The spaces we teach and learn in are changing. 

Technology is permeating physical spaces, augmenting and enhancing learning experiences. At the same time, mobile and pervasive internet-connected technology (IoT) creates interfaces between virtual spaces and real-world phenomena in which big data is collected. These dynamics give rise to a growing presence of hybridity: the blurring of boundaries between distinct contexts of learning and activity, and the unexpected interleaved experiences they engender (Ellis & Goodyear, 2016; Trentin, 2016). Hybridity is not a technical issue. As Stommel (2012) notes: “The word ‘hybrid’ has deeper resonances, suggesting not just that the place of learning is changed but that a hybrid pedagogy fundamentally rethinks our conception of place”. Cook et al. (2015) identify two dimensions of hybridity: the interleaving of formal and informal social structures in an activity system, and the combination of physical and digital tools mediating individual’s interaction with the world and society. They argue: “people connect and interact through a hybrid network of physical and technology-mediated encounters to co-construct knowledge and effectively engage in positioning practices necessary for their work” (Cook et al., 2015, pp. 125). Higher education (but not only) recognises the potential of hybrid learning spaces in promoting significant changes in learning, and increasingly use pedagogical hybrid learning model is its instruction (do Mejía Gallegos et al., 2017). Recent work has begun exploring the nature of hybridity from an educational design perspective (Köppe, Nørgård, & Pedersen, 2017).

Hybrid learning spaces open opportunities and pose challenges to designers of learning experiences. Apart from the complexity of combining multiple modalities to achieve effective synergies, these spaces have a novel quality: activities within them generate data, which can be used to monitor individual and social learning processes, and potentially feed back into them, to enable “double loop learning”: awareness and control of the process of learning and teaching itself (Blaschke, 2012). Recent years have witnessed a growing interest in the promise of educational data science (EDS), a term coalescing learning analytics (Ferguson, 2012), artificial intelligence and educational data mining (Cohen, 2017; du Boulay et al., 2018; Levi Gamlieli, Cohen, & Nachmias, 2015; Lim, 2016). In particular, there is an emerging recognition of the valuable intersection between data and educational design (Hernández-Leo et al., 2017; Mor et al., 2015; Toetenel, & Rienties, 2016). While the tradition of EDS originated in the study of virtual learning environments, recently we see first advances into its use in physical environments (Cukurova et al., 2017; Prieto et al., 2018). However, although the correlation between physical space design and educational effect is well established (Tanner, 2000), Learning space research is a relatively new field of study that seeks to inform the design, evaluation and management of learning spaces (Ellis & Goodyear, 2016) and EDS has not yet ventured into this domain. 

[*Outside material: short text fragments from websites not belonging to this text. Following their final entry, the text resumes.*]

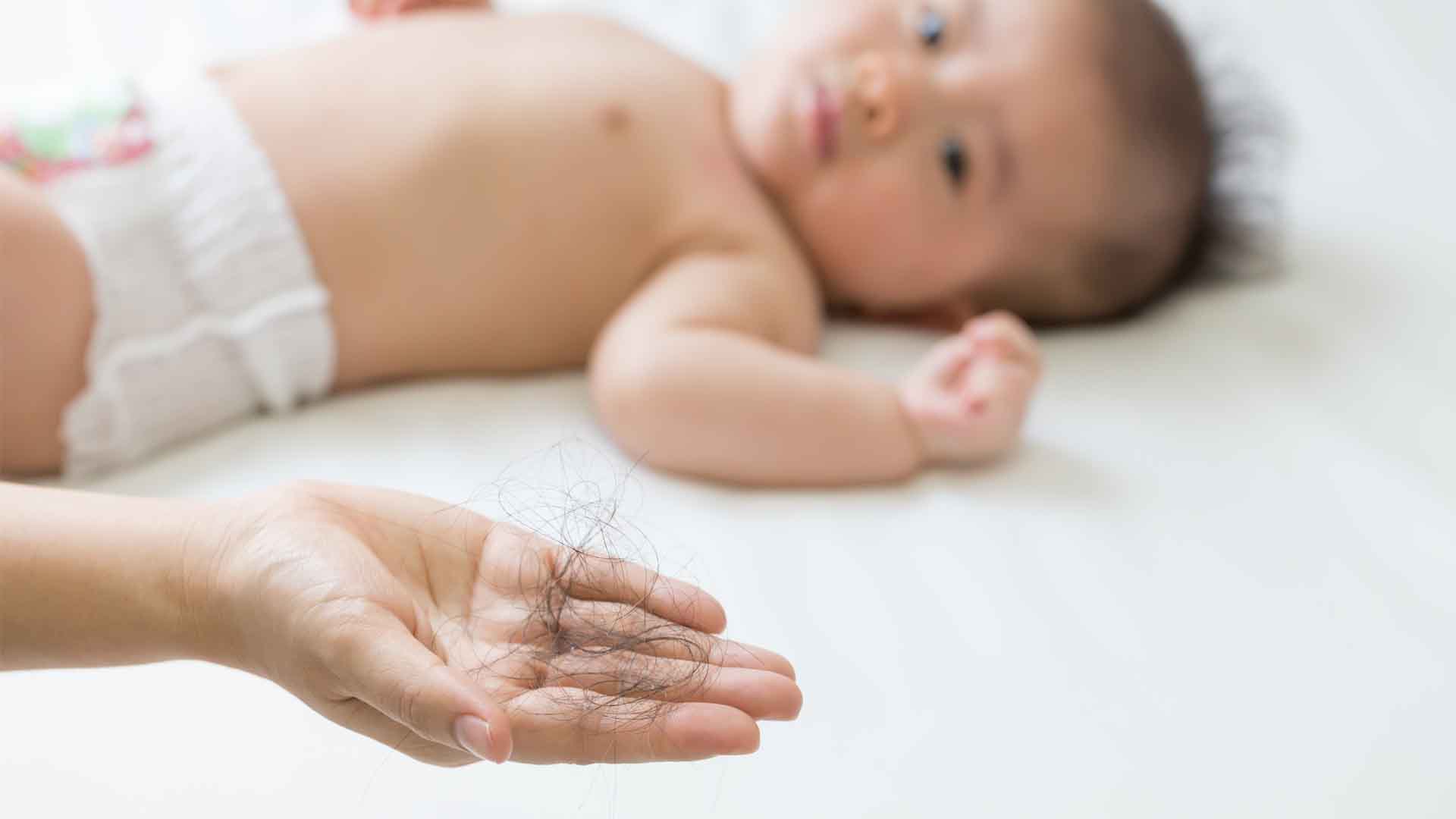  Penyebab  Rambut Rontok Pada Bayi Cussons Baby Indonesia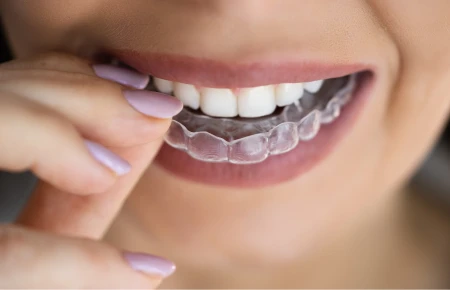 Invisalign Treatment image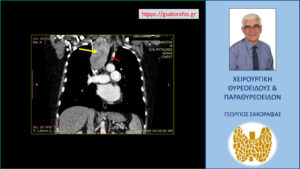Αξονική τομογραφία – εμφανής η μεγάλου βαθμού κατάδυση του δεξιού λοβού στο θώρακα (κίτρινο βέλος) και η απώθηση της τραχείας (κόκκινο βέλος) προς τα αριστερά 
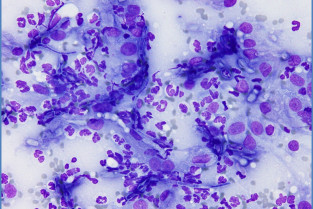 30d18b190797fd0741016e656dec0c4d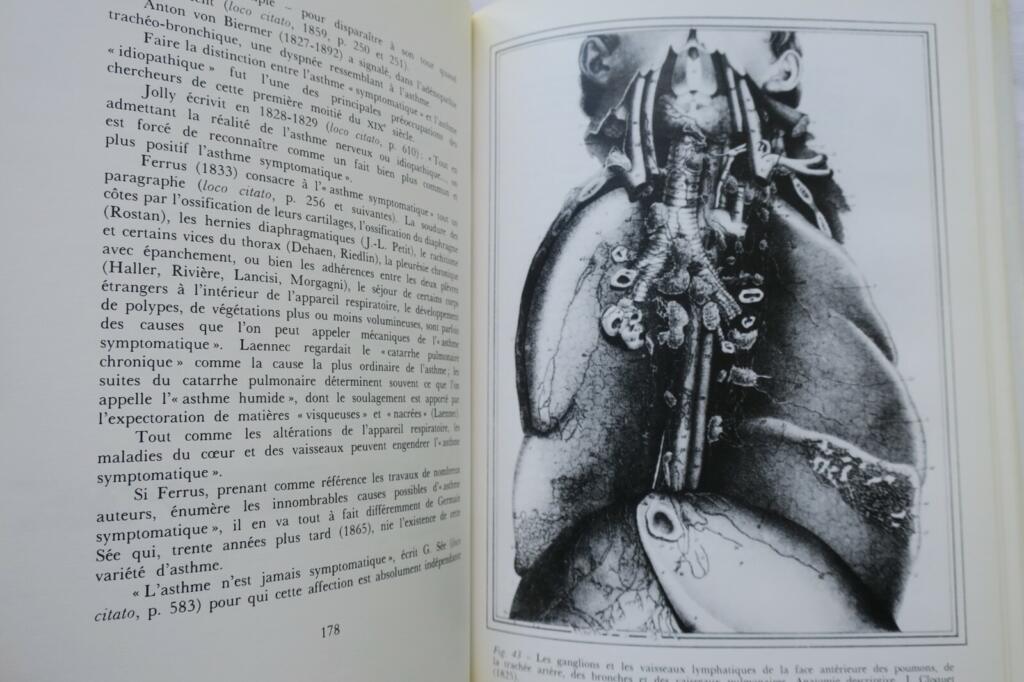Illustrated History of Asthma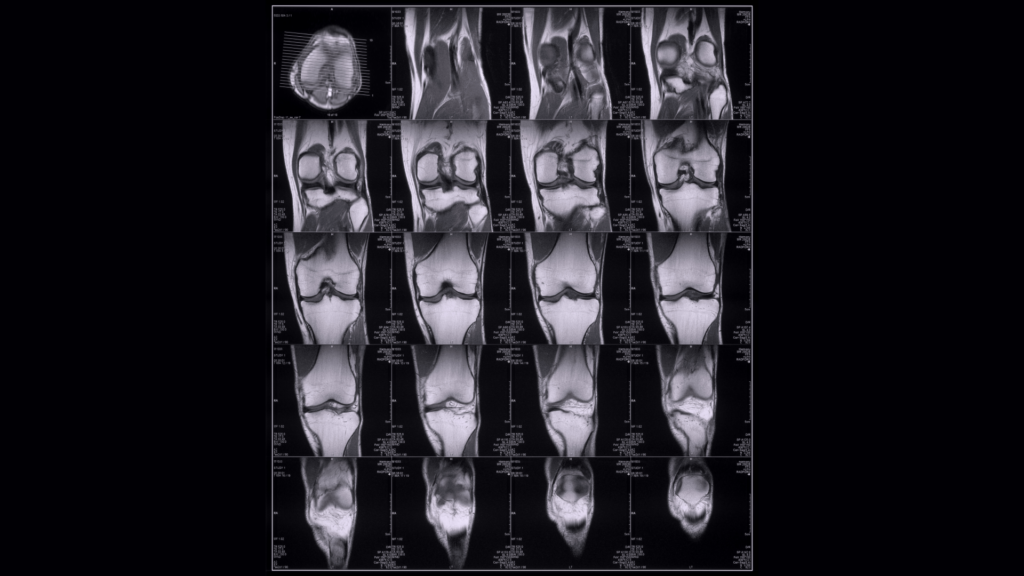 Multiple MRI scans of the knee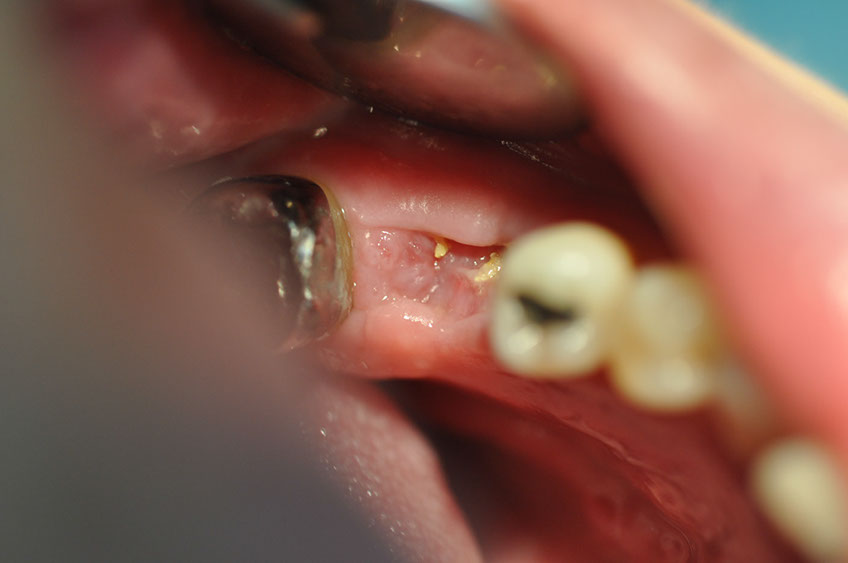 %_tempFileNameImplant%20104a7%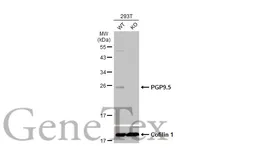 Anti-PGP9.5 antibody [GT448] used in Western Blot (WB). GTX634797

Along with the opportunities that arise from these hybrid learning spaces, there are issues that require an in-depth discussion among the community of researchers, developers, and practitioners in the field. While some of these issues are well understood, others are only beginning to be explored. For example:

• Personalisation and collaboration: hybrid learning spaces bring together learners with different constraints, agendas, assumptions, and expectations. Some might be co-located, some might be remote in time and place. How do we cater to such diverse and ill-defined cohorts? How do we leverage this diversity to create effective and powerful learning experiences?
• Ownership and empowerment: when we mix learning contexts, e.g. a curricular course and a MOOC, who sets the learning objectives? Who is responsible for monitoring achievement? Who “owns” the space, the curriculum, the content and the data? 
• Representation and interpretation: How do we map the data we collect to complex learning dynamics? How do we avoid the “streetlight effect”, of valuing what we can measure rather than measuring what we value? How do we derive insights from data, and present them in such a way that will inform and assist learners, teachers, and administrators? 
• Ethics: what are the risks and consequences of collecting and manipulating data about learners and learning environments? How do we draw the line between assessment, evaluation and surveillance? What are the appropriate modes of behaviour in hybrid learning spaces?  Moreover, what is the purpose of education in hybrid learning spaces, where learners come from divergent backgrounds and with different aims?

This unique trans-disciplinary workshop will bring together leading researchers and practitioners in this emerging field, to explore the promises and dilemmas it raises from ethical, methodological, ontological, epistemic, pedagogic, and technological perspectives. We are seeking contributions that contribute to a design discourse: design as a practical approach to shaping the future and design as a scientific paradigm, drawing on the traditions of educational design research (Mor & Winters, 2007) and utilising canonical design representations such as design principles and design patterns (Dimitriadis et al., 2009; Falconer et al., 2011; Mor, 2013; Retalis et al., 2006; Warburton & Mor, 2015).